▸ What the exercise asks
Before printing the listing, strip out its pictures and keep everything else exact.

▸ Data
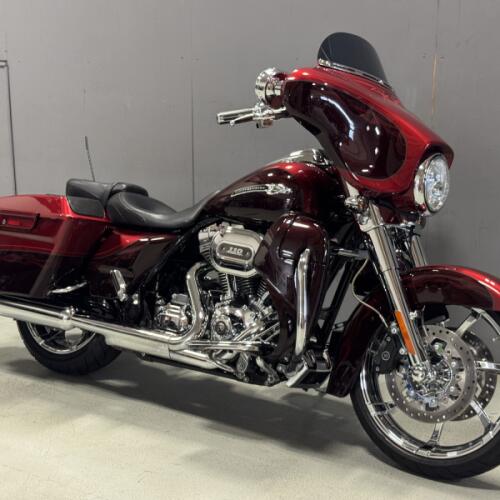 FLHXSE 2012 CVO™ Street Glide® thumb 3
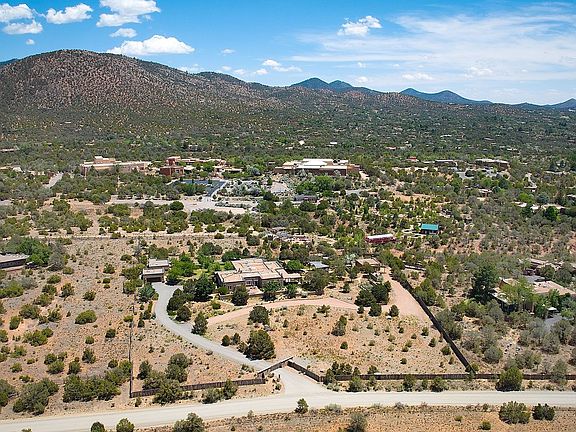 2nd image of 750 Camino Pinones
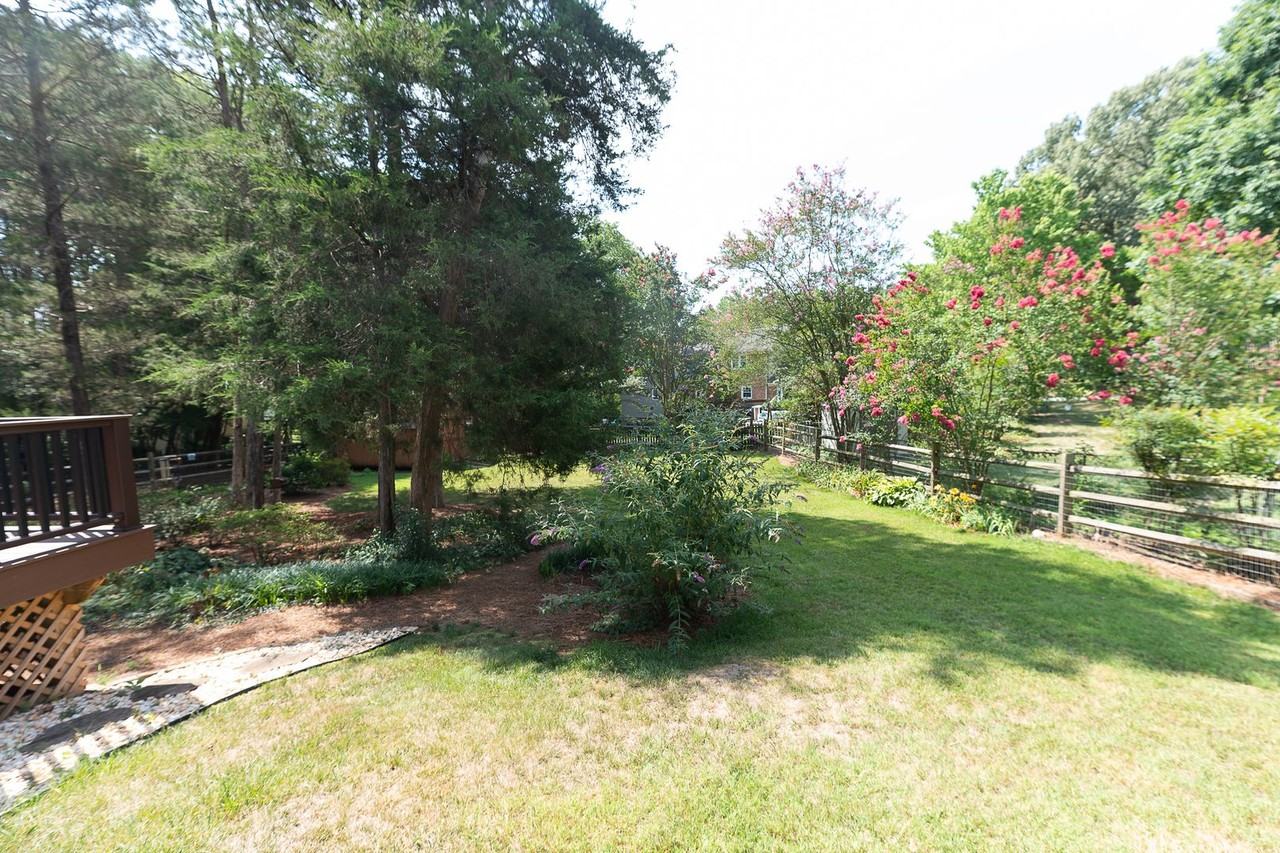 5517 Robinridge Rd - Photo 5 of 50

▸ Written solution
 FLHXSE 2012 CVO™ Street Glide® thumb 3
 2nd image of 750 Camino Pinones
 5517 Robinridge Rd - Photo 5 of 50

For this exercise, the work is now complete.